## Exercise aim
Produce word for word the lines of the data below running from the one that has "Nova camisa do" to the one that has "St Tropez double pavé round hand PG", inclusive, and no others.

## Exercise inputs
-=-=-=-=-

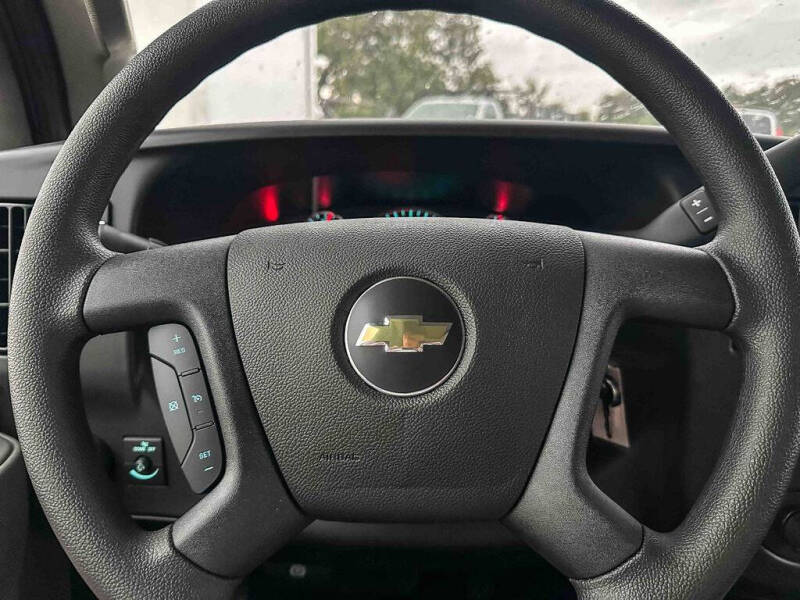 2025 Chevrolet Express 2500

-=-=-=-=-

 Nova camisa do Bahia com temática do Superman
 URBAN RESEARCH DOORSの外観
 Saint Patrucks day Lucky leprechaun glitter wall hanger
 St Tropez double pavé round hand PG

-=-=-=-=-

## Exercise solution
 Nova camisa do Bahia com temática do Superman
 URBAN RESEARCH DOORSの外観
 Saint Patrucks day Lucky leprechaun glitter wall hanger
 St Tropez double pavé round hand PG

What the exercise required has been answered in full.